▶ WHAT NEEDS TO BE DONE
All of the records must be repeated exactly as they read.

▶ INPUT DATA
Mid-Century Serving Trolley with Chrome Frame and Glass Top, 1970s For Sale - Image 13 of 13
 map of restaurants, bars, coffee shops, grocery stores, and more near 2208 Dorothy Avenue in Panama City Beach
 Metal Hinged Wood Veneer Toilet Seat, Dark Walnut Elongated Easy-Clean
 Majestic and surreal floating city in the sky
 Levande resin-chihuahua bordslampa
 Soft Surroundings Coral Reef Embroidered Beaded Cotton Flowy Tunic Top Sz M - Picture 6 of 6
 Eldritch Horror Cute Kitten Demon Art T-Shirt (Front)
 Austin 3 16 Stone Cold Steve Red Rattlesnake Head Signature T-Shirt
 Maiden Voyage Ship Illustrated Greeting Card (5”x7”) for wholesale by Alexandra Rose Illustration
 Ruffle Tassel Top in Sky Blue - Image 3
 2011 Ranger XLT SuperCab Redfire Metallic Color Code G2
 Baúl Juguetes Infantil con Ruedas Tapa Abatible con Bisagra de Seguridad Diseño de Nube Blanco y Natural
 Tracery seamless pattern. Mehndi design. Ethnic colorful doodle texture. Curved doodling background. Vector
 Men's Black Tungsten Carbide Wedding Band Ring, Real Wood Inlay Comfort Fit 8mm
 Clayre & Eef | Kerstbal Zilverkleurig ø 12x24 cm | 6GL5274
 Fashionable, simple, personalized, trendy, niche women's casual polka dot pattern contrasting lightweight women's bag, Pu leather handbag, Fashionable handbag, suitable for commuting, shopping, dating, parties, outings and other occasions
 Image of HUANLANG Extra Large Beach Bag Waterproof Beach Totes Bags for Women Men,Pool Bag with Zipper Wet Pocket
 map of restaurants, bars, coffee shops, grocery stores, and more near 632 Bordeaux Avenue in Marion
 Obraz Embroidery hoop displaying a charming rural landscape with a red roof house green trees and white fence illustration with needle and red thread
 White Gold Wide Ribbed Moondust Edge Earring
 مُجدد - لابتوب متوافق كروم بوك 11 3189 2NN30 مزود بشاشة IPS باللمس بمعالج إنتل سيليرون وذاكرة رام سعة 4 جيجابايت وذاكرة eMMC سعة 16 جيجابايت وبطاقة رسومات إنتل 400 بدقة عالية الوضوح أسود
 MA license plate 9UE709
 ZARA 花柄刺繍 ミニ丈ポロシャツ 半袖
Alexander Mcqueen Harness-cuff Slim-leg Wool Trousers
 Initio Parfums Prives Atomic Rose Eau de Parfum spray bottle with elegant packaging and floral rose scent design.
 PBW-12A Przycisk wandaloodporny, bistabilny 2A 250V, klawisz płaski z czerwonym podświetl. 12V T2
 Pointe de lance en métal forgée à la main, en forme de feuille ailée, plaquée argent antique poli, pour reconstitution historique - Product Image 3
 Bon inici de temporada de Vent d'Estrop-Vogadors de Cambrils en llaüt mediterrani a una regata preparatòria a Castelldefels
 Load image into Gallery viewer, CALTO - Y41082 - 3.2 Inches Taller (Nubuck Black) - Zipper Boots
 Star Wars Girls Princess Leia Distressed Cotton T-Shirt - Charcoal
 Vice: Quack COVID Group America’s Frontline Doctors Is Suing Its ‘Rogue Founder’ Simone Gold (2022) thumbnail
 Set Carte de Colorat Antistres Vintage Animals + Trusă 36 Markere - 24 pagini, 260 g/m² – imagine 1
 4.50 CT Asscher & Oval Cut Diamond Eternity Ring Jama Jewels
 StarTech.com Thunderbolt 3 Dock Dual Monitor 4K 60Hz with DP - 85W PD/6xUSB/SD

▶ RESPONSE TO THE EXERCISE
Mid-Century Serving Trolley with Chrome Frame and Glass Top, 1970s For Sale - Image 13 of 13
 map of restaurants, bars, coffee shops, grocery stores, and more near 2208 Dorothy Avenue in Panama City Beach
 Metal Hinged Wood Veneer Toilet Seat, Dark Walnut Elongated Easy-Clean
 Majestic and surreal floating city in the sky
 Levande resin-chihuahua bordslampa
 Soft Surroundings Coral Reef Embroidered Beaded Cotton Flowy Tunic Top Sz M - Picture 6 of 6
 Eldritch Horror Cute Kitten Demon Art T-Shirt (Front)
 Austin 3 16 Stone Cold Steve Red Rattlesnake Head Signature T-Shirt
 Maiden Voyage Ship Illustrated Greeting Card (5”x7”) for wholesale by Alexandra Rose Illustration
 Ruffle Tassel Top in Sky Blue - Image 3
 2011 Ranger XLT SuperCab Redfire Metallic Color Code G2
 Baúl Juguetes Infantil con Ruedas Tapa Abatible con Bisagra de Seguridad Diseño de Nube Blanco y Natural
 Tracery seamless pattern. Mehndi design. Ethnic colorful doodle texture. Curved doodling background. Vector
 Men's Black Tungsten Carbide Wedding Band Ring, Real Wood Inlay Comfort Fit 8mm
 Clayre & Eef | Kerstbal Zilverkleurig ø 12x24 cm | 6GL5274
 Fashionable, simple, personalized, trendy, niche women's casual polka dot pattern contrasting lightweight women's bag, Pu leather handbag, Fashionable handbag, suitable for commuting, shopping, dating, parties, outings and other occasions
 Image of HUANLANG Extra Large Beach Bag Waterproof Beach Totes Bags for Women Men,Pool Bag with Zipper Wet Pocket
 map of restaurants, bars, coffee shops, grocery stores, and more near 632 Bordeaux Avenue in Marion
 Obraz Embroidery hoop displaying a charming rural landscape with a red roof house green trees and white fence illustration with needle and red thread
 White Gold Wide Ribbed Moondust Edge Earring
 مُجدد - لابتوب متوافق كروم بوك 11 3189 2NN30 مزود بشاشة IPS باللمس بمعالج إنتل سيليرون وذاكرة رام سعة 4 جيجابايت وذاكرة eMMC سعة 16 جيجابايت وبطاقة رسومات إنتل 400 بدقة عالية الوضوح أسود
 MA license plate 9UE709
 ZARA 花柄刺繍 ミニ丈ポロシャツ 半袖
Alexander Mcqueen Harness-cuff Slim-leg Wool Trousers
 Initio Parfums Prives Atomic Rose Eau de Parfum spray bottle with elegant packaging and floral rose scent design.
 PBW-12A Przycisk wandaloodporny, bistabilny 2A 250V, klawisz płaski z czerwonym podświetl. 12V T2
 Pointe de lance en métal forgée à la main, en forme de feuille ailée, plaquée argent antique poli, pour reconstitution historique - Product Image 3
 Bon inici de temporada de Vent d'Estrop-Vogadors de Cambrils en llaüt mediterrani a una regata preparatòria a Castelldefels
 Load image into Gallery viewer, CALTO - Y41082 - 3.2 Inches Taller (Nubuck Black) - Zipper Boots
 Star Wars Girls Princess Leia Distressed Cotton T-Shirt - Charcoal
 Vice: Quack COVID Group America’s Frontline Doctors Is Suing Its ‘Rogue Founder’ Simone Gold (2022) thumbnail
 Set Carte de Colorat Antistres Vintage Animals + Trusă 36 Markere - 24 pagini, 260 g/m² – imagine 1
 4.50 CT Asscher & Oval Cut Diamond Eternity Ring Jama Jewels
 StarTech.com Thunderbolt 3 Dock Dual Monitor 4K 60Hz with DP - 85W PD/6xUSB/SD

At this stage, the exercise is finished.